Select locations that comply with user-specified conditions, from a dataset as returned by either get_chem or eval_chem. Conditions can be specified for each of the summary statistics returned by eval_chem.

selectlocs_chem(
  data,
  data_type = c("data", "summary"),
  chem_var = c("P-PO4", "N-NO3", "N-NO2", "N-NH4", "HCO3", "SO4", "Cl", "Na", "K", "Ca",
    "Mg", "Fe", "Mn", "Si", "Al", "CondF", "CondL", "pHF", "pHL"),
  conditions,
  verbose = TRUE,
  list = FALSE
)

Arguments

data

An object as returned by either get_chem (the object corresponds to real 'data') or eval_chem (the object contains summary values).

data_type

A string. Either "data" (the default) or "summary", in correspondence with the choice made for data.

chem_var

Only relevant when data is an object formatted as returned by get_chem. Is a character vector to select chemical variables for which statistics will be computed. To specify chemical variables, use the codes from the column chem_variable in data. Together with the available variables in data, chem_var determines the meaning of the variable "combined".

conditions

A dataframe. See the devoted section below.

verbose

Logical. If TRUE, give feedback on dropped locations because of (specific) unused conditions and other 'mismatch' reasons.

list

Logical. If FALSE (the default), the function only returns the end-result (a tibble with selected location codes). If TRUE, the function returns a list with the end-result plus useful intermediate results (see Value).

Value

If list = FALSE: a tibble with one column loc_code that provides the locations selected by the conditions.

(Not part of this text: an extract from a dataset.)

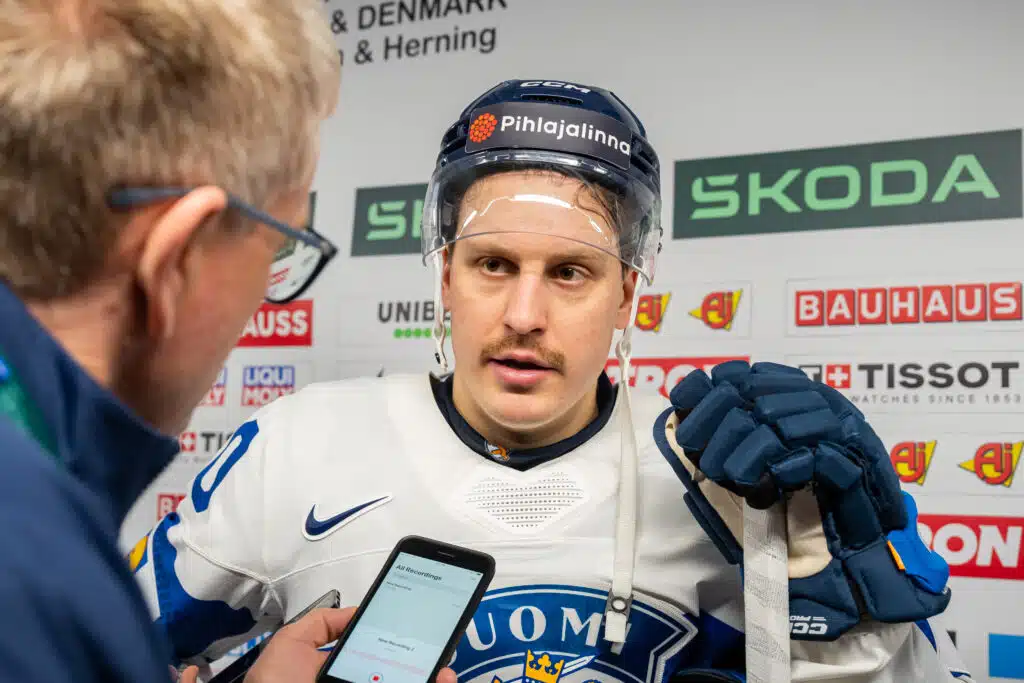 Eeli Tolvasen jättiviikko toi kunniamaininnan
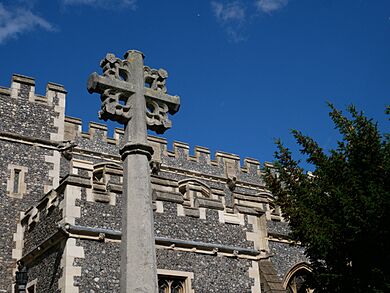 War Memorial outside Croydon Minster (South Face - 03)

If list = TRUE: a list of tibbles that extends the previous end-result with intermediate results. All list elements are named:

  1. combined_result_filtered: the end-result, same as given by list = FALSE.

  2. result: the test result of each computed and tested statistic for each location and chemical variable: 'condition met' (cond_met) is TRUE or FALSE.

  3. combined_result: aggregation of result per location. Specific columns: all_cond_met is TRUE if all conditions for that location were TRUE, and is FALSE in all other cases. pct_cond_met is the percentage of 'met' availability conditions per location.

Details

selectlocs_chem() separately runs eval_chem on the input (data) if data_type = "data". See the documentation of eval_chem to learn more about the available summary statistics. Each condition for evaluation + selection of locations is specific to a chemical variable, which can also be the level 'combined'. Hence, the result will depend both on the chemical variables for which statistics have been computed (specified by chem_var), and on the conditions, specified by conditions. See the devoted section on the conditions dataframe.

Only locations are returned:

  • which have all chemical variables, implied by chem_var and present in conditions, available in data. (In other words, all conditions must be testable.)

  • for which all conditions are met;

As the conditions imposed by the conditions dataframe are always evaluated as a required combination of conditions ('and'), the user must make different calls to selectlocs_chem() if different sets of conditions are to be allowed ('or').

If data_type = "data", selectlocs_chem() calls eval_chem. Its type and uniformity_test arguments are derived from the user-specified conditions dataframe.

selectlocs_chem() joins the long-formatted results of eval_chem with the conditions dataframe in order to evaluate the conditions. Often, this join in itself already leads to dropping specific combinations of loc_code and chem_variable. At least the locations that are completely dropped in this step are reported when verbose = TRUE.

The user may want to repeatedly try different sets of conditions until a satisfying selection of locations is returned. However the output of eval_chem will not change as long as the data are not altered. For that reason, the user can also feed the result of eval_chem() to the data argument, with data_type = "summary". In that case the argument chem_var is ignored.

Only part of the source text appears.